- **Extracted information**
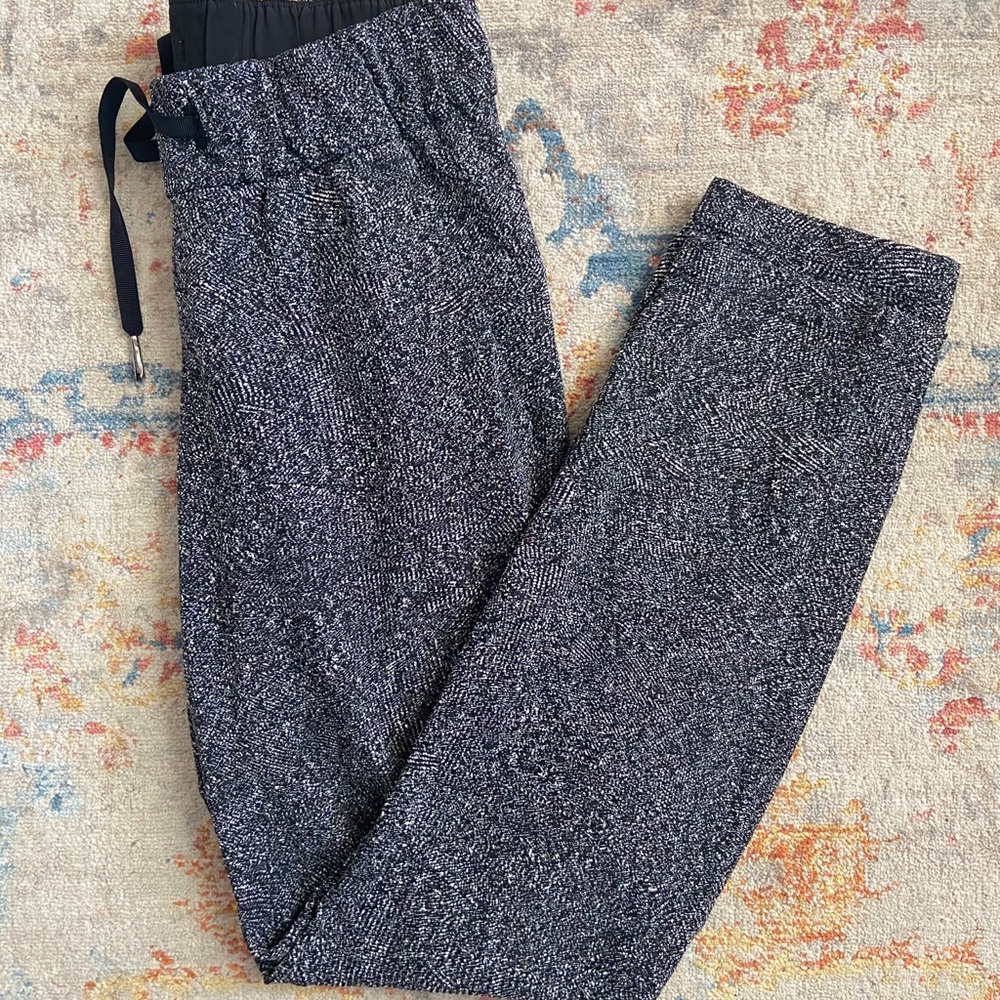 Lululemon commuter joggers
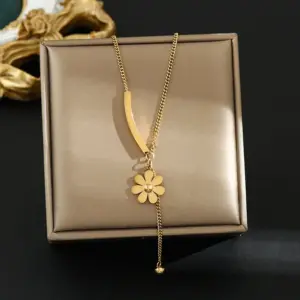 8325-Gold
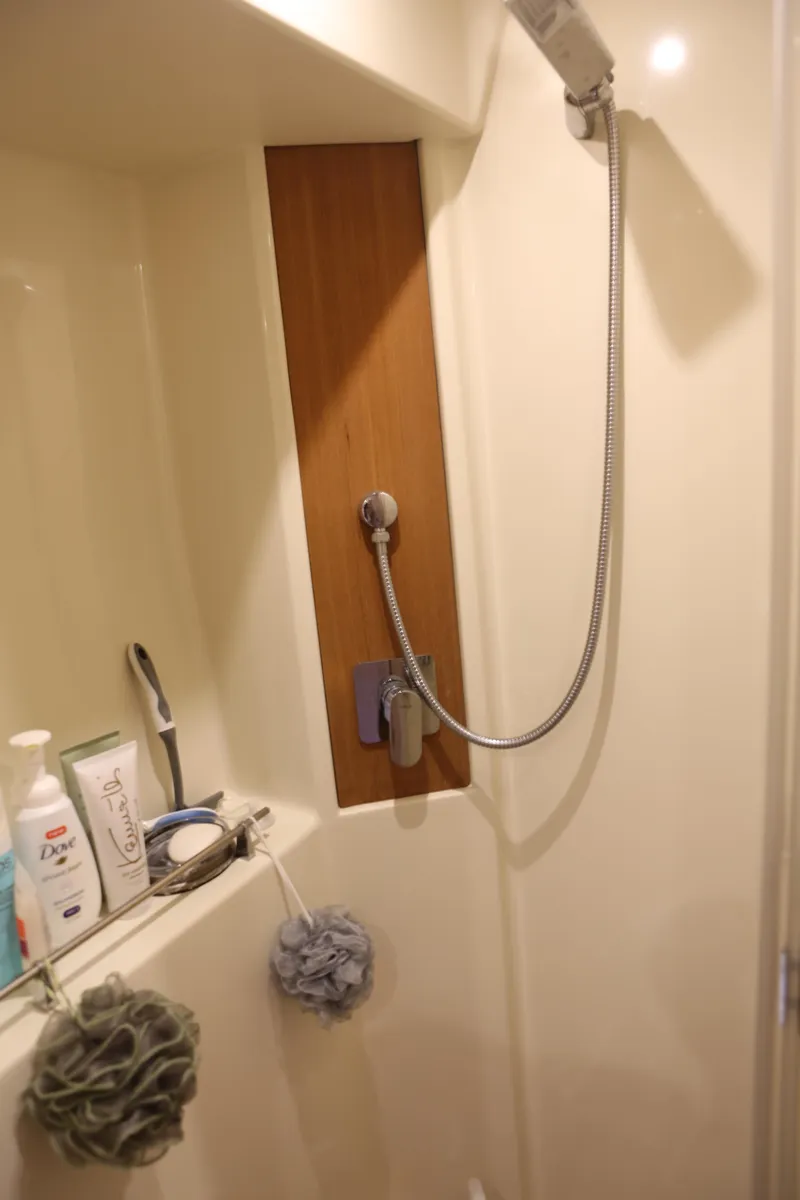 Slide: The Image of Shower in forward head compartment - 27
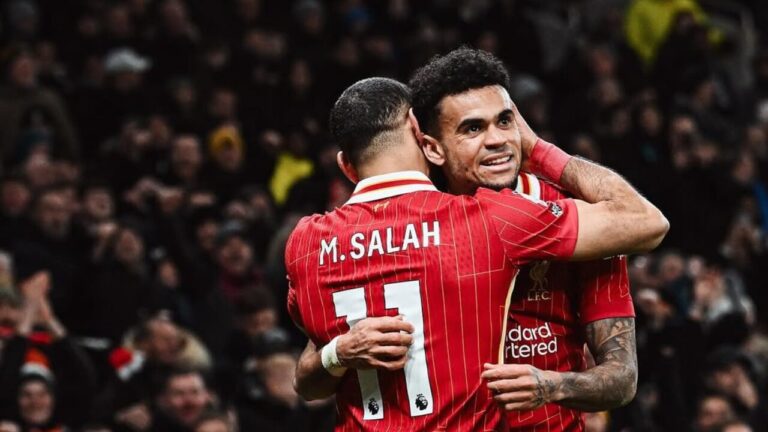 Em jogo de 9 gols, Liverpool vence o Tottenham e abre vantagem na liderança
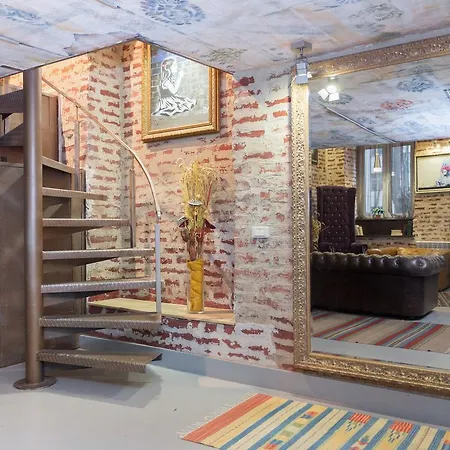 Loft On Karla Marksa *
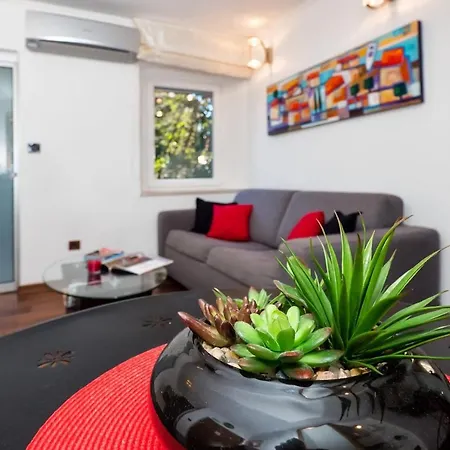 Apartment Luxury Xenia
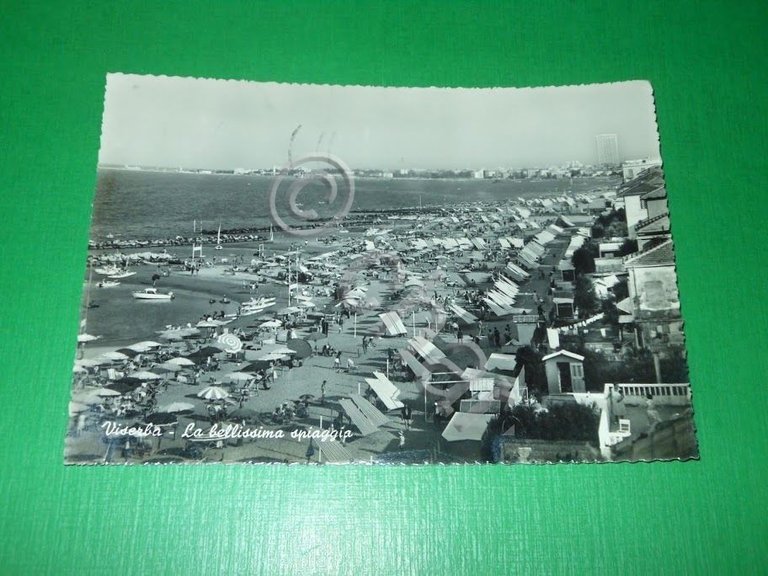 Cartolina Viserba - La bellissima spiaggia 1962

- **Task prompt**
Repeat the entries exactly. Any picture is to be left out.

- **Solution**
 Lululemon commuter joggers
 8325-Gold
 Slide: The Image of Shower in forward head compartment - 27
 Em jogo de 9 gols, Liverpool vence o Tottenham e abre vantagem na liderança
 Loft On Karla Marksa *
 Apartment Luxury Xenia
 Cartolina Viserba - La bellissima spiaggia 1962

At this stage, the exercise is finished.